Ao contrário da maior parte das pessoas, eu gosto muito de rotina, o que ajuda a me organizar. No entanto, a maneira como estabeleço minha rotina depende muito das obrigações profissionais que tenho a cumprir em cada momento da vida. Falo isso porque no cenário político atual do Brasil, como sabemos, a produção de conhecimento é muito desvalorizada. Assim, para um recém doutor como eu, para se sustentar minimamente, é preciso, na maior parte do tempo, se envolver em vários tipos de trabalho, algumas vezes remunerados, outras não.
Quando estou desenvolvendo um texto, seja um artigo, um texto por encomenda ou um livro, separo alguns dias da semana para me dedicar exclusivamente a essas atividades. Nesses dias, costumo preferir ler e fichar textos e fontes históricas logo quando acordo, isto é, as práticas mais relacionadas à pesquisa historiográfica. Acho que funciono melhor para leitura e pesquisa nesse período do dia até o almoço. Na parte da tarde, costumo resolver questões práticas do cotidiano, porque minha concentração nesse horário é péssima.
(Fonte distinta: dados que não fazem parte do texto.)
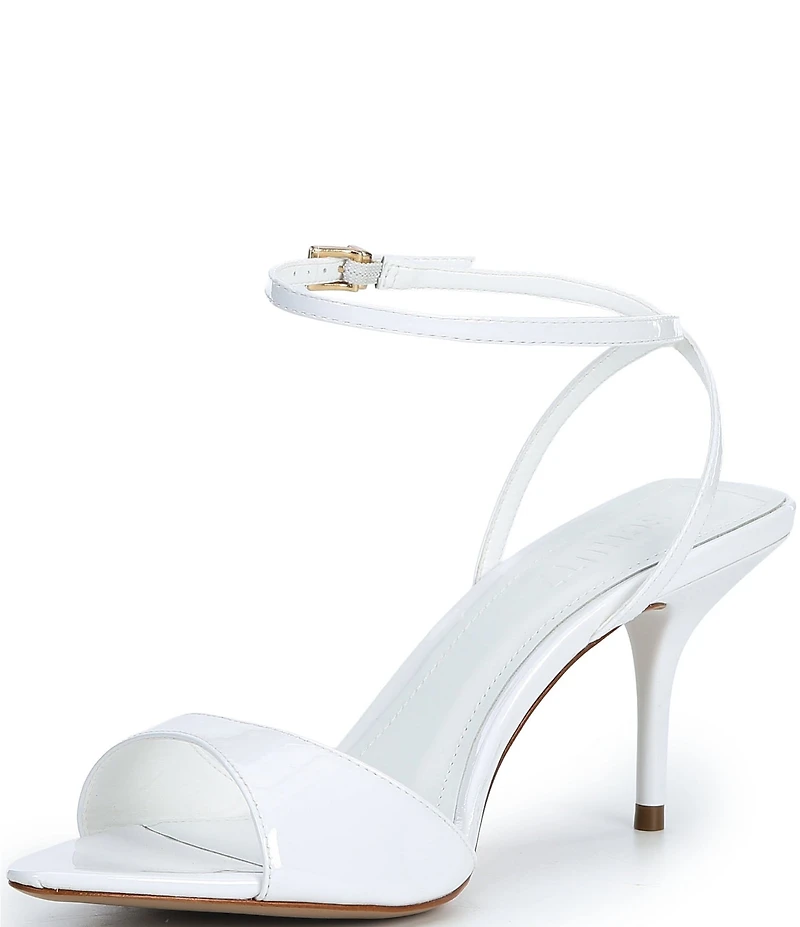 Schutz Elodie Patent Leather Ankle Strap Stiletto Dress Sandals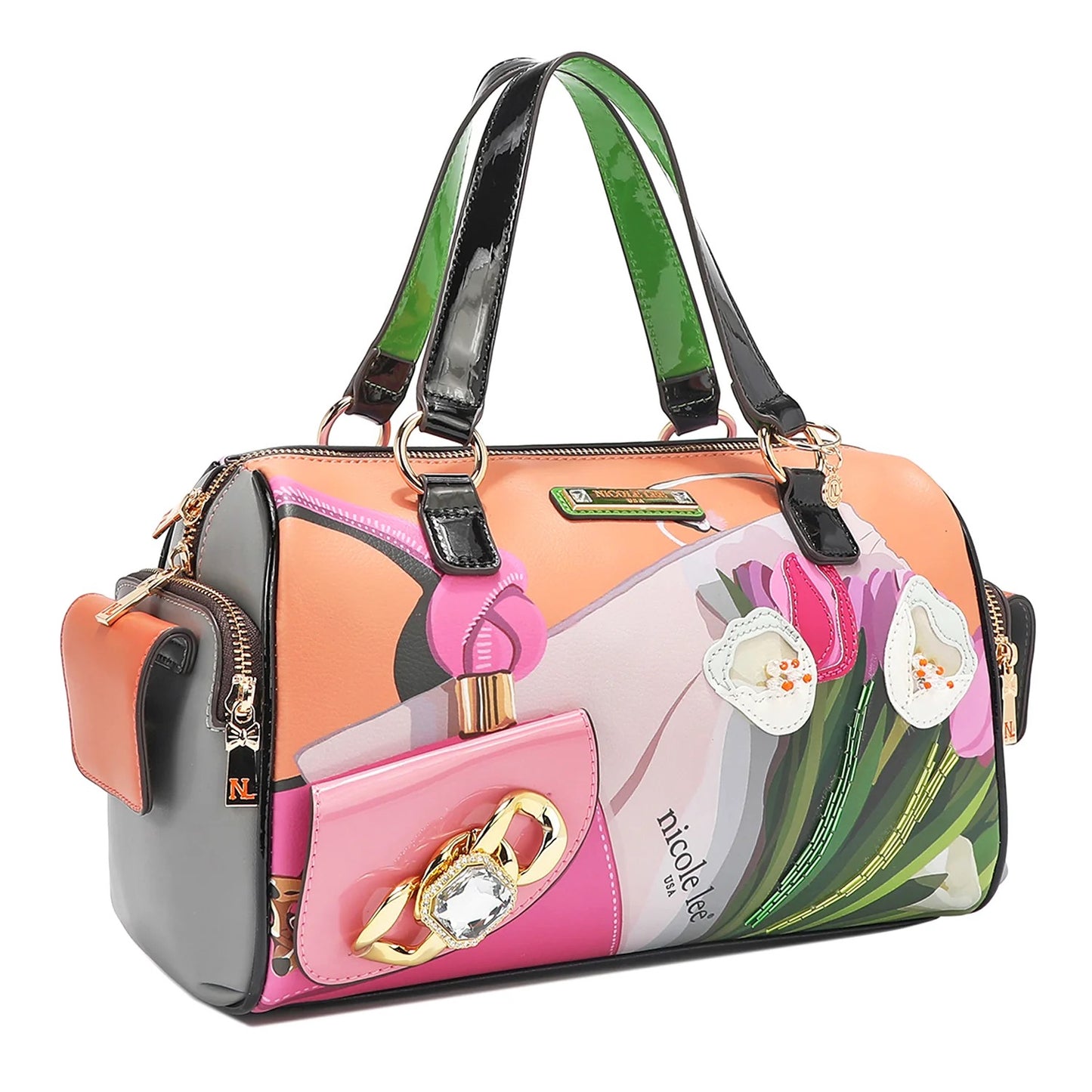 VIOLET BLOSSOM WIDE HANDBAG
Em que hora do dia você sente que trabalha melhor? Você tem algum ritual de preparação para a escrita?
Com relação especificamente à escrita, costumo produzir melhor a partir do início da noite até de madrugada. Em épocas mais conturbadas, chego a ver o dia raiar. Assim que comecei a atuar como historiador, escrever era uma prática muito penosa. Não era raro ficar travado no primeiro parágrafo de um texto, escrevendo-o e reescrevendo-o incessantemente, sem conseguir avançar. Não escrevo com facilidade. Acho que o excesso de regras e métodos do texto historiográfico, embora sejam exigências necessárias, acabam tornando esse tipo de produção pouco fluída para historiadores inexperientes. Com o passar dos anos, fui desenvolvendo técnicas que tornaram o processo de escrita mais ágil. Ao invés de ficar preso em determinados trechos do texto, sobretudo nos parágrafos iniciais, vou escrevendo de maneira mais livre, de acordo com o fluxo de ideias associadas ao tema do texto que estou produzindo. Em seguida, volto ao que produzi e vou ajustando tudo, reformulando e adequando às regras exigidas. Hoje, não tenho dúvidas de que a prática é a melhor forma de aperfeiçoar a qualidade da escrita.
Você escreve um pouco todos os dias ou em períodos concentrados? Você tem uma meta de escrita diária?
Como disse anteriormente, não escrevo constantemente todos os dias, mas produzo de maneira concentrada sempre que estou envolvido em um projeto, independente de seu tamanho ou importância. Mesmo que as regras sejam distintas, busco ter o mesmo zelo em minha produção escrita tanto quando produzo um texto acadêmico quanto quando respondo a uma entrevista como esta. Portanto, como me organizo dessa maneira, acabo estabelecendo metas de escrita que variam de acordo com o período que estou vivendo e com o tipo de texto que preciso escrever. Além, obviamente, dos prazos que são estabelecidos para cada tipo de demanda.
Como é o seu processo de escrita? Uma vez que você compilou notas suficientes, é difícil começar? Como você se move da pesquisa para a escrita?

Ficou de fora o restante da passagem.